Second, God “sanctified” the Sabbath day. He set it apart for a specific and eternal
purpose. He set His mark upon it and
painted innumerable types and shadows in the reality of the former dispensations
to show weary travelers where rest might be found. Fairbairn points out that man’s lot, indeed his destiny, was to
be placed into a position whereby he must work, albeit he must work as a
reasonable and rational being. The
repose of the Sabbath was designed to be a signpost of the promise of eternal
rest and redemption, in a dispensation when man must work for his increase by
the sweat of his brow. But far from
being a burdensome command, or even a distasteful one, the Sabbath gave great
comfort to those who sorrowed in being separated by the veil from the presence
of their God. Legalism crept in. Rationalism and human inventions corrupted
the reality of God’s gift. Some began
to despise even the word “Sabbath” for all the evil that had been done under
its banner. But God has evidently
“sanctified” the day, in that he placed it as a signpost for those who have
eyes to see. How noticeable is it that
the enemy has tried to rip down every signpost that leads to the special
blessings of God? In ancient times, a
“landmark” was a sign that instructed you where one property stopped and where
another started. The landmark was also
used to instruct travelers along the way where they might be welcomed and where
they might find rest.
“Remove
not the ancient landmark, which
thy fathers have set” (Proverbs 22:28)
In future articles (Lord Willing = DV), I will
lay out not only a case for the continuing responsibility towards the Sabbath,
but I hope to more clearly make a case for why the blood-bought child of God
should have a desire towards the Sabbath of God.

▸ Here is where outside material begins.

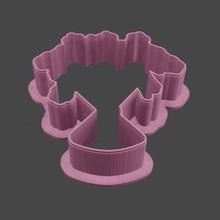 Load image into Gallery viewer, Bouquet Cookie Cutter STL File-STL Digital Download-seb3dcustomdesigns
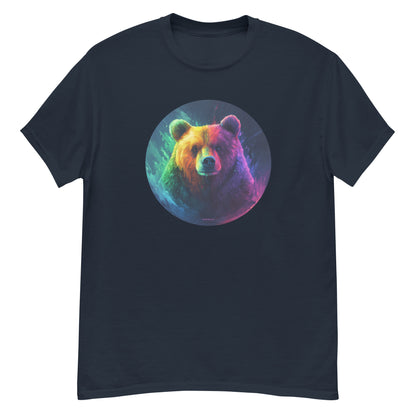 tee shirt Ours rainbow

The Sabbath is a sign. It is a signpost to our final rest, and it is a sign to the world
that we are different, and that we truly believe in God’s sovereignty. We don’t “believe” it in only an intellectual
way, but we truly believe it in a real way.
We believe that God has set apart (sanctified) this day by blessing it
to those who will seek it in purity.
This is not a salvation issue.
This is a maturity issue. The
GOSPEL is more specifically THE GOSPEL OF
THE KINGDOM. Being in the Kingdom
is being under the government of Almighty God, and admitting it in our
worldview and in our lives. Woe unto me
if I preach not the Gospel – which is to say, “Woe unto me if my life reflects
not the Gospel”.
For me and my house, we have entered into an even
closer walk with our Creator. We’ll let
the simpletons, legalists and humanists argue about the exact, strict nature of
its details. We’ll let the Judaizers
and fable pushers gorge themselves on their own prideful fantasies regarding
it. We’ll let the talkers (see Pilgrim’s Progress) and the worldly wise men debate its value.
They question it, because they cannot (or will not) partake in it
truly. The treasure of blessings is
locked fast against them. It is really
a work of God and it is wonderful to behold.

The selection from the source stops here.